“Bahay Kubo” is a folk song popularized during the period of the American Thomasites (early 1900s), and I don’t think there’s Pinoy who can’t sing it. But did you ever notice that in its roll call of the popular Philippine vegetables, the ampalaya is not included? Neither in the original nor in the nosebleed version that my daughter-in-law BingBing e-mailed me! No wonder jokesters say it got so bitter and wrinkled!
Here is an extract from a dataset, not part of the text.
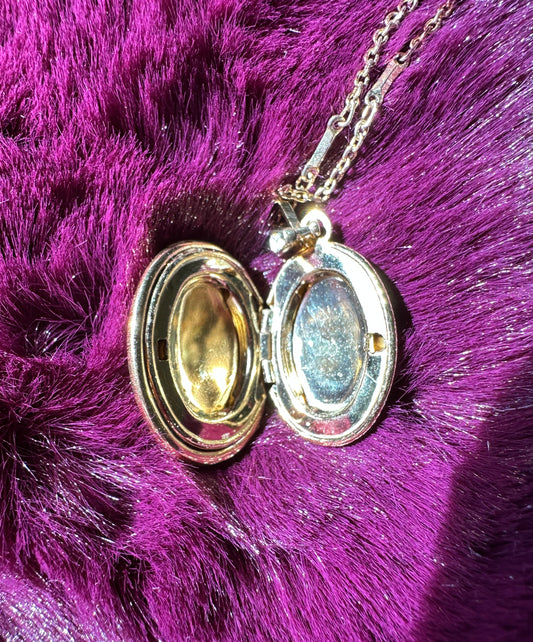 Vintage Floral Locket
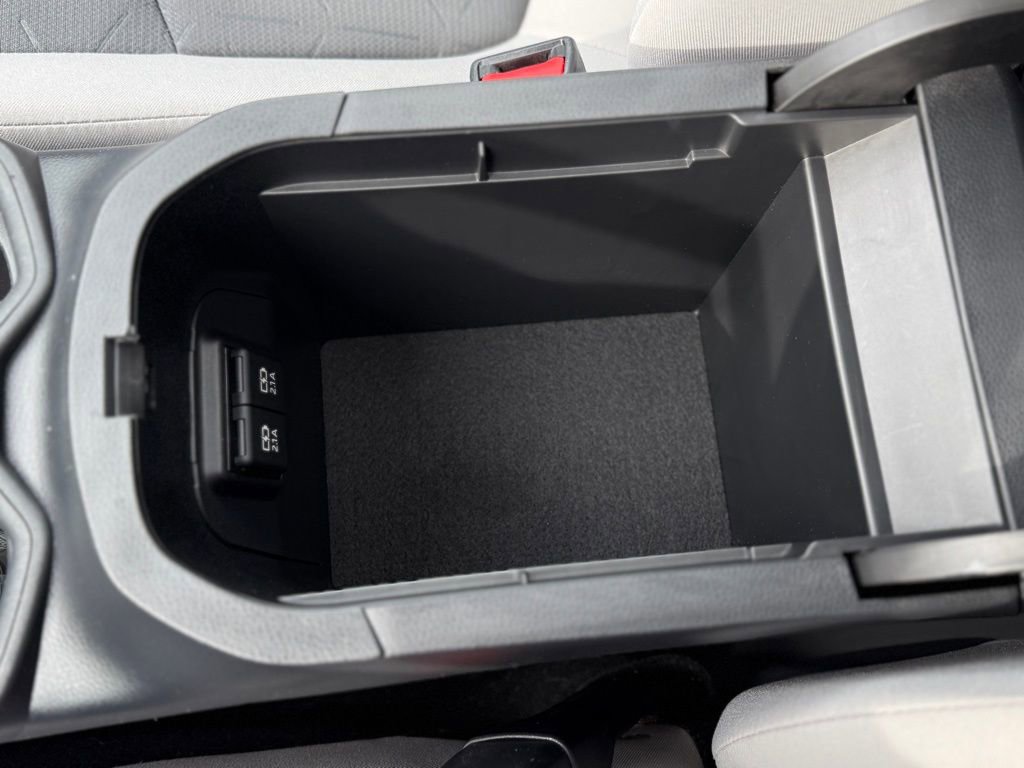 Used 2020 Toyota RAV4 XLE image 20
My nipa hut is very small,
The plants around are a variety of all.
Turnip and eggplant, wing bean and peanut,
String bean, hyacinth bean, lima bean,
Winter melon and sponge gourd, bottle gourd and pumpkin
Plus there are also radish, mustard, onion, tomato, garlic and ginger, all around them are sesame seeds
And sesame seed around the rim.
The song suddenly reminded me of the vegetable plot my gourmet son, who cooks, has started alongside the carport. There are malunggay plants and leeks, luyang dilaw (turmeric), wansoy (coriander) and curry leaf. Also, blue ginger or galangal used in curry, which one maid said was langkawas and fortwith mixed with bagoong to eat with hot rice. It was heavenly.
Newly planted as well is a young kaffir lime tree whose leaves are used in Thai curry. Before Thai food became popular in Manila, kaffir lime leaves were only available if one of us came from Bangkok. Then Mol got wind of an apartment in Malate, vacated by a Thai national, in whose yard had been planted a kaffir tree. That’s where Mol got his first local supply.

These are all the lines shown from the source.